In the last article in the series on influential Egyptian women, Ahram Online sheds light on the life of Nabaweya Moussa, known as the First Educator
16 March marks Egyptian Women’s Day for a good reason. On this day in 1919, 300 Egyptian women led by Huda Shaarawi marched against British occupation. One woman, Hamida Khalil, was killed, making her the first female martyr that day. On that same day four years later, Shaarawi led the march to form Egypt’s first feminist movement. The march progressed from then on.
This year, Ahram Online celebrates Egyptian Women’s Day in collaboration with the AUC Rare Books and Special Collection Library, by sharing the stories of inspiring Egyptian women who led the march for women’s rights in the country. Every Thursday, the biography of an inspiring Egyptian woman will be shared. After exploring the life of Huda Shaarawi (1879-1947), the woman behind the march, and Doria Shafik (1908-1975) the “Daughter of The Nile,” the life and struggle of Aziza Hussein (1919-2015) the “People’s Ambassador,” we end the series with a salute to Nabaweya Moussa (1886 -1951), the First Educator.
Nabaweya Moussa (1886 -1951)
Nabaweya Moussa made several groundbreaking achievements. She was the first Egyptian woman to attain her bachelor’s degree, become a tutor, become a woman principal, establish her own private schools, and acquire the Nile Badge. Her resilience and rebellion against traditions that constrained women in Egyptian society made her a prominent figure.
Poor handwriting, valuable content
In her memoirs titled My History Written by Myself, published in 1999 by the Women and Memory Forum, Moussa described her upbringing in a society that did not welcome education for women.
Her mother’s comment, “Teach them how to spin and weave but not calligraphy,” was her initial response when Nabaweya asked to learn how to read and write like her brother. Her wit and persistence at a very early age led her to grab her right to education by her own hands. Initially, she read from her older brother’s school books and learned all of the poems he recited at school. Her brother’s private Arabic tutor helped her to read Arabic.
When she was 13, she applied for her Ibtedaía (Sixth Primary) degree at Al-Saneya Girls’ School for Tutors. At that time, it was the highest form of education any Egyptian girl could attain. She stole the khytm (seal) of her mother to sign the papers of her registration behind her back, for her mother could not read or write. She even sold some of her own jewellery to pay for the fees.

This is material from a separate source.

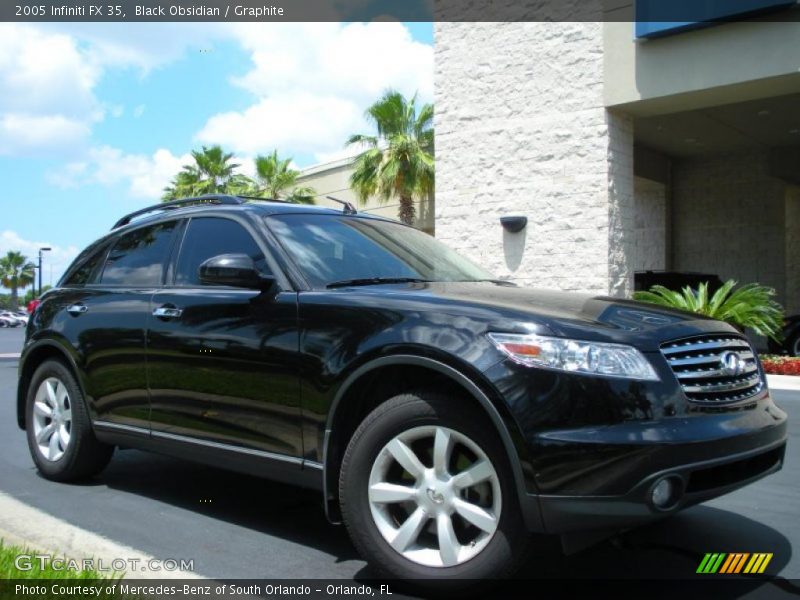 Black Obsidian / Graphite 2005 Infiniti FX 35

The bold 13-year-old girl passed her exams along with two other girls in 1903. Her teachers were very impressed by the self-educated girl who was never taught how to use a pen properly, yet her writing style was excellent.
The first Egyptian woman principal
Soon, she was assigned the job of a teacher at Abbas Helmy School for a salary of EGP 6, while her male counterparts were given double her salary. When she questioned the discrimination, she was told that the men attained the bachelor’s degree while no Egyptian women did. And so she applied and managed to become the first Egyptian woman to attain her bachelor’s degree in 1907.
Known for her strictness and knowledge, she became the first Egyptian woman principal and then the head of inspectors at the Ministry of Education. She founded several schools for girls under her name in 1920, making her a pioneer in the field of Egyptian private schools for girls and eligible for the Nile Badge that was granted to her by king Fouad after visiting her schools and seeing her great impact on national education.
The feminist and patriotic writer
Moussa’s life was not solely focused on education. She was a creative writer whose essays were published under a false name “A Free Consciousness in a Sensitive Body” because, back in the day, it was prohibited to write in published papers while being a government employee. Her essays were often regarded as a subtle condemnation of the British occupation in Egypt, and they were so eloquent that they grabbed the attention of Egyptian political leader Saad Zaghloul at the time.
She founded her own women’s magazine, Al-Fatah, and became one of the key figures of the Egyptian feminist movement and one of two women who accompanied Huda Shaarawi to attend the first International Women Federation Conference in Rome in 1923.
As a feminist, Moussa adopted her own interpretation when it came to hijab and sofor. During this era, the word hijab did not mean head cover; it meant face cover, and sofor meant taking the face cover off. In her memoirs, she remembers a debate with a male counterpart who argued that women should cover their faces because their faces were seductive. She argued back, saying that there was no religious prohibition of showing a woman’s face, that Egyptian peasants do not cover their faces, and that the white transparent cloth barely covers the face. “Besides, since you men claim to be wiser and have better minds than women, then how come you are seduced by seeing their faces,” she wrote in her memoirs.